■ ASSIGNMENT ■
Please return every line of the records below that holds the word "Jacket".

Extracted records:
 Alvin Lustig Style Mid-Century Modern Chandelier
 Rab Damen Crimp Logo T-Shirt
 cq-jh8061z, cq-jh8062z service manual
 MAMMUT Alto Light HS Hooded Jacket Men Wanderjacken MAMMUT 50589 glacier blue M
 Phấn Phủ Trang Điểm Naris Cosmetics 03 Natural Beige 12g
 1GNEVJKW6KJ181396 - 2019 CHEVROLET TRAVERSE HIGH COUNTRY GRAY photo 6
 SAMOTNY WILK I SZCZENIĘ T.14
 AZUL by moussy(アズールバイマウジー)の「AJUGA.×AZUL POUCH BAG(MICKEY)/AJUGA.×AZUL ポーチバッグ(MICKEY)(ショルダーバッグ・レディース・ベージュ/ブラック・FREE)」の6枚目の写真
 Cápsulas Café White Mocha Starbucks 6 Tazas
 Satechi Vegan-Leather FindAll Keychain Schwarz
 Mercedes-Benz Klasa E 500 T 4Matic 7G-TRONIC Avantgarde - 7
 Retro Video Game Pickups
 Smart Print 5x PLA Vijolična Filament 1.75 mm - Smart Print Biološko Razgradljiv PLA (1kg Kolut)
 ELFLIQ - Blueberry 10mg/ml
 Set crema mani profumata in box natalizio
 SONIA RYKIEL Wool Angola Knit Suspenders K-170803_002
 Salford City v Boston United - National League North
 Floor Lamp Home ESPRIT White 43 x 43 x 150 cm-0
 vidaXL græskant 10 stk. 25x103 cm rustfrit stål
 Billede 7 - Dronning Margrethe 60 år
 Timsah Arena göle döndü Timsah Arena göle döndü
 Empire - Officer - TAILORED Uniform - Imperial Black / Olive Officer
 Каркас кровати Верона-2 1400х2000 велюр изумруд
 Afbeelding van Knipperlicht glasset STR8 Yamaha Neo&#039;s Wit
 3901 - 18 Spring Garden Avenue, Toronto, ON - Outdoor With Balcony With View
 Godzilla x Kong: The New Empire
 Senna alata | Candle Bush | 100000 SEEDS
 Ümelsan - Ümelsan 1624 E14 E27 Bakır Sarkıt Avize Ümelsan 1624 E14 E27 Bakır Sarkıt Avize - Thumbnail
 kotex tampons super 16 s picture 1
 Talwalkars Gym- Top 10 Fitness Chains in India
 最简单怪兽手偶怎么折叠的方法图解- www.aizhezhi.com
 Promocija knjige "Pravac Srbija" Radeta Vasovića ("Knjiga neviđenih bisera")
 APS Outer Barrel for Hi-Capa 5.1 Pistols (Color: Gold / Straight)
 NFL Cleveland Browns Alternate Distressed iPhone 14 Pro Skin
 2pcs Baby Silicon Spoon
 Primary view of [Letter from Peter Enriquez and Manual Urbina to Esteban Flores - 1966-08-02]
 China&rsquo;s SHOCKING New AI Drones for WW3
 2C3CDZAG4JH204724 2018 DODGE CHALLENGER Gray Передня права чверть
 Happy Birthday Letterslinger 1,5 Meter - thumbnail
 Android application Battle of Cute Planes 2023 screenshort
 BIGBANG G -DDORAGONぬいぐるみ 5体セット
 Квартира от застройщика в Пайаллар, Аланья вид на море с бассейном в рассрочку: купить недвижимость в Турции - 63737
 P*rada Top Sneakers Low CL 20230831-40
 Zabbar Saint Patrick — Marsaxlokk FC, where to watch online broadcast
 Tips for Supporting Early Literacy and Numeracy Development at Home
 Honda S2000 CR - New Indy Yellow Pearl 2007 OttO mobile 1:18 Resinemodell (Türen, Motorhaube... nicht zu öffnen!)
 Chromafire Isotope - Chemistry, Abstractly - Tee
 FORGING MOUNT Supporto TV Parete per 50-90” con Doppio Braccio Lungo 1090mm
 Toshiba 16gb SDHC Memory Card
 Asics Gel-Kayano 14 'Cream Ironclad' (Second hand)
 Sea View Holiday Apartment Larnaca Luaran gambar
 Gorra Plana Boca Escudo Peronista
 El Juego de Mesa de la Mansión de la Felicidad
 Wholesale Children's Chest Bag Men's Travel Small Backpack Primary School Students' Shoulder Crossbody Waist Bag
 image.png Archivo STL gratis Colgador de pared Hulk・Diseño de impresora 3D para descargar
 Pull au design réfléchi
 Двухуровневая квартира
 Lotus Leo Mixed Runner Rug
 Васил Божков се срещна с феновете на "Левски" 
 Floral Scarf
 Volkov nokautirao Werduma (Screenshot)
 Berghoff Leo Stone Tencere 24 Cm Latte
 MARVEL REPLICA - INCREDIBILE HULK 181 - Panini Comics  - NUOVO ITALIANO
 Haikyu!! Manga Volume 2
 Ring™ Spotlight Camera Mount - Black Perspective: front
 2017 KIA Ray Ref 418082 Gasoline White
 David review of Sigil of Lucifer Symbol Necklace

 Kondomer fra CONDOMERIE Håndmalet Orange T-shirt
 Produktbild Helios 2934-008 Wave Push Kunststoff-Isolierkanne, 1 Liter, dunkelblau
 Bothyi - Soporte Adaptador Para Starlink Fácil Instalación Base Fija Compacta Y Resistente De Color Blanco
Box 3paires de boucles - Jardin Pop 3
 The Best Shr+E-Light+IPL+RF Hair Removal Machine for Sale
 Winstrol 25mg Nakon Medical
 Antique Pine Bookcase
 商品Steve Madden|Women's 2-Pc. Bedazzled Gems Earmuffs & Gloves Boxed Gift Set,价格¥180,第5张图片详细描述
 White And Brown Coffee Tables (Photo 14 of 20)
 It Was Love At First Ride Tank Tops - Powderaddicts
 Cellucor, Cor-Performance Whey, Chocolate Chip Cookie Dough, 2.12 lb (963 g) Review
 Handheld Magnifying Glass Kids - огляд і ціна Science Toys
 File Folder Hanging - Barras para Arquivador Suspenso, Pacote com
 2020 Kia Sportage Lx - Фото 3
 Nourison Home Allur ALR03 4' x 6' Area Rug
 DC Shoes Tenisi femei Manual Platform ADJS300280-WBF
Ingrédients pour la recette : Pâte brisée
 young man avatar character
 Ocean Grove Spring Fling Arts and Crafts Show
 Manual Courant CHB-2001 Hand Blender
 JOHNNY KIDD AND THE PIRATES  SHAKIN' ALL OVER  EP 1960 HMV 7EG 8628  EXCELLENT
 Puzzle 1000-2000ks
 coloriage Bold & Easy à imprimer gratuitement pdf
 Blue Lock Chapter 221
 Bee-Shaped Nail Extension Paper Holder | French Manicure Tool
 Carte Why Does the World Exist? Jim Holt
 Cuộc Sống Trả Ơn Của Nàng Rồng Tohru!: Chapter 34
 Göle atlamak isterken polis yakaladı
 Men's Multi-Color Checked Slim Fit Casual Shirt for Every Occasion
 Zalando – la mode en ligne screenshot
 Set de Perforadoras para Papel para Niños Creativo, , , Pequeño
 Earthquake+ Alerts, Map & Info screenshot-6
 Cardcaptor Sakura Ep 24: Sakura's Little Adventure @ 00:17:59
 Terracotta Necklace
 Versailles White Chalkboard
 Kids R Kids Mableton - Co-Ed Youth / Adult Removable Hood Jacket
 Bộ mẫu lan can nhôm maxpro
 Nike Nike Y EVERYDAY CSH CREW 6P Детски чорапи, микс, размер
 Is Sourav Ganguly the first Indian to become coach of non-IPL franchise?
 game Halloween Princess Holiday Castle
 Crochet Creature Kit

■ TASK SOLUTION ■
 MAMMUT Alto Light HS Hooded Jacket Men Wanderjacken MAMMUT 50589 glacier blue M
 Kids R Kids Mableton - Co-Ed Youth / Adult Removable Hood Jacket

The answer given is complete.